According to a close source to Garcon with knowledge of the negotiations, the Redskins were the first team to show interest in the receiver, calling him within minutes of the 4 p.m. opening of free agency. But because of the Redskins’ situation with the salary cap – the team was docked $36 million on Monday because it circumvented contract recommendations in 2010, half of which had to be applied this season – it took until around 10 a.m. on Wednesday for the actual negotiations to be finalized.
The team went from an estimated $35 million under the $120.6 million salary cap to approximately $17 million when the league year began.
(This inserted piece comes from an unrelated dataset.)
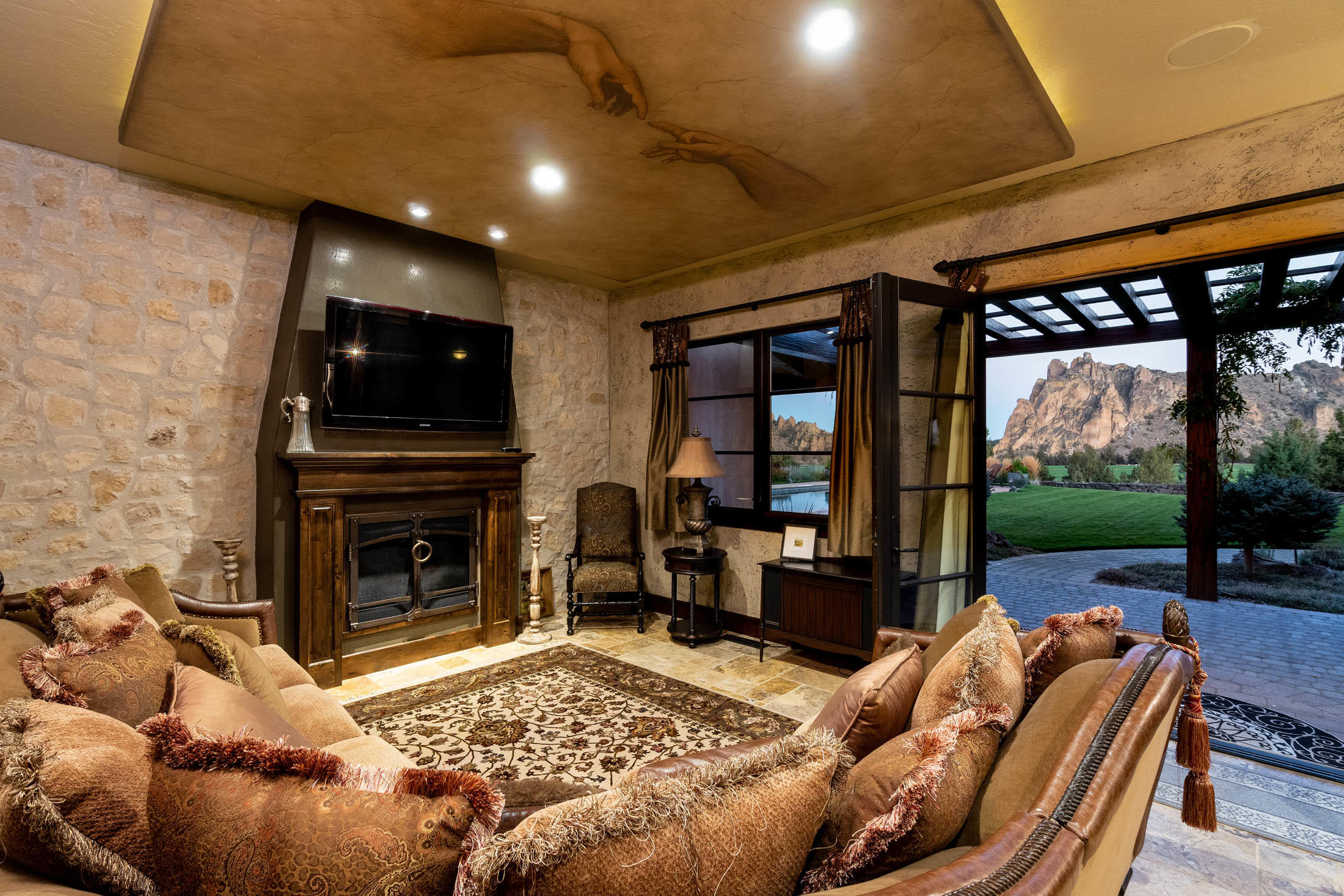 Ranch at the Canyons - Residential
Garcon had four other competing offers, including a previously reported proposal from San Diego, but was willing to see how the Redskins could structure a contract before turning elsewhere. That didn’t happen; Garcon was able to reach an agreement on a five-year, $42.5 million contract that included $20.5 million in guaranteed money and $11 million signing bonus.
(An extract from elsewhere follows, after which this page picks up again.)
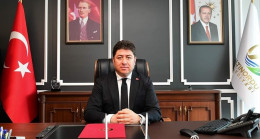 BAŞKAN TÖREN YAPTI YAPACAĞINI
“They were very respectful of everything,” that person said. “They handled it with a lot of class.”
Garcon, 25, spent his first four years with Indianapolis and was coming off a season in which he had 70 catches for 947 yards and a team-high six touchdowns.
The receiver had a list of approximately a half-dozen teams he was interested in negotiating with – one that initially included the Redskins. What wasn’t a huge selling point, though, was the team’s recent trade for the No. 2 pick in April’s NFL Draft – and a rookie franchise quarterback.
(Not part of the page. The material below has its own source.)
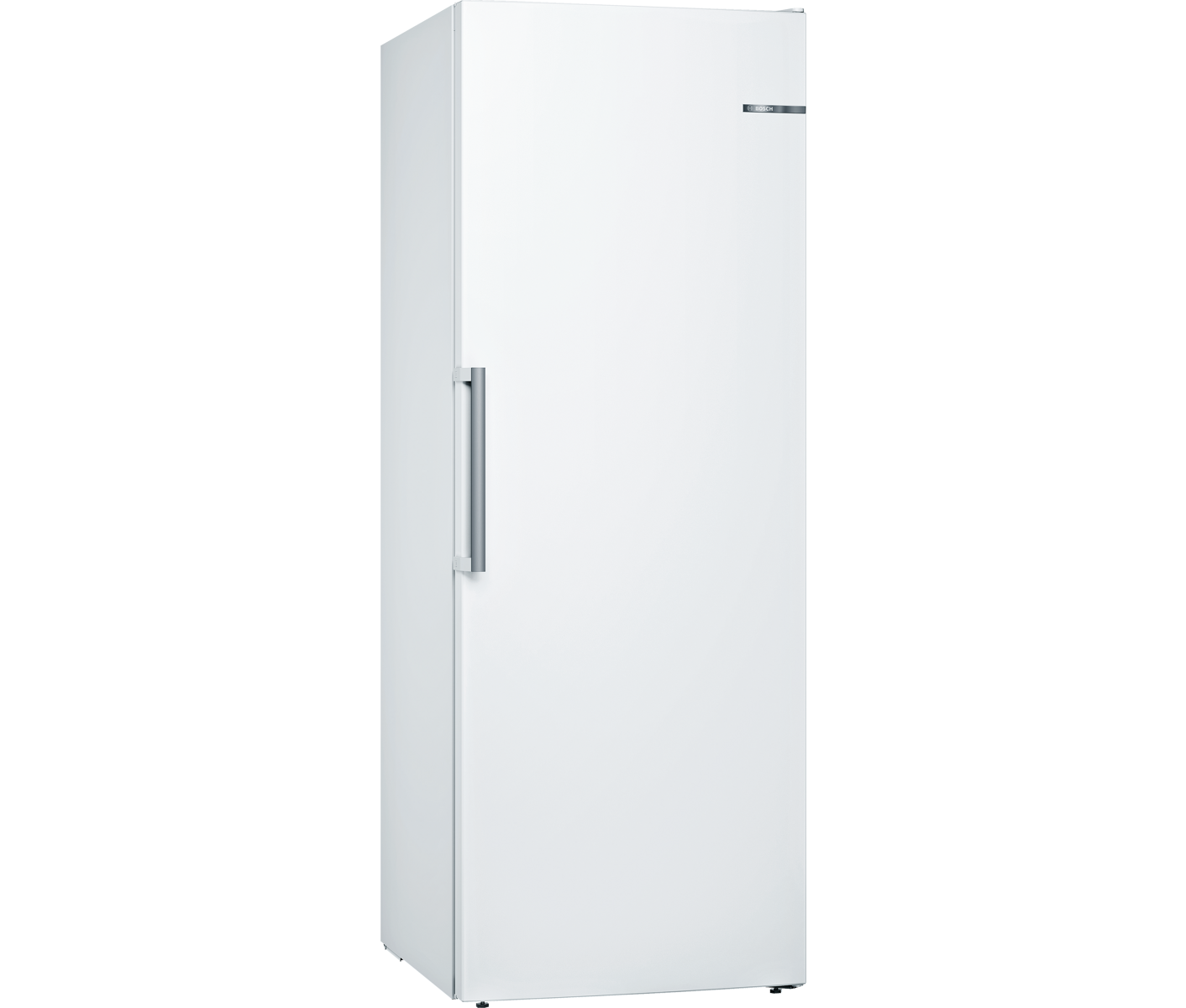 Bosch GSN58AWCV Serie 6 Fryseskab billede 1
“It did play into his decision,” that person said. “I can’t say it didn’t. Both of those guys are going to be great quarterbacks. But if that was the sole reason why he went to Washington – well, why wouldn’t he just stay in Indy?”
The Colts, after a 2-14 year, have the No. 1 pick in that draft and are expected to take Stanford quarterback Andrew Luck, leaving the Redskins to take Baylor quarterback Robert Griffin III.
What did factor into Garcon’s decision were the opportunity to be a No. 1 receiver in an offensive scheme he liked, plus the ease of getting to and from his South Florida home.
“The truth of the matter is that he saw it was the best fit for what he wanted to accomplish,” the person said.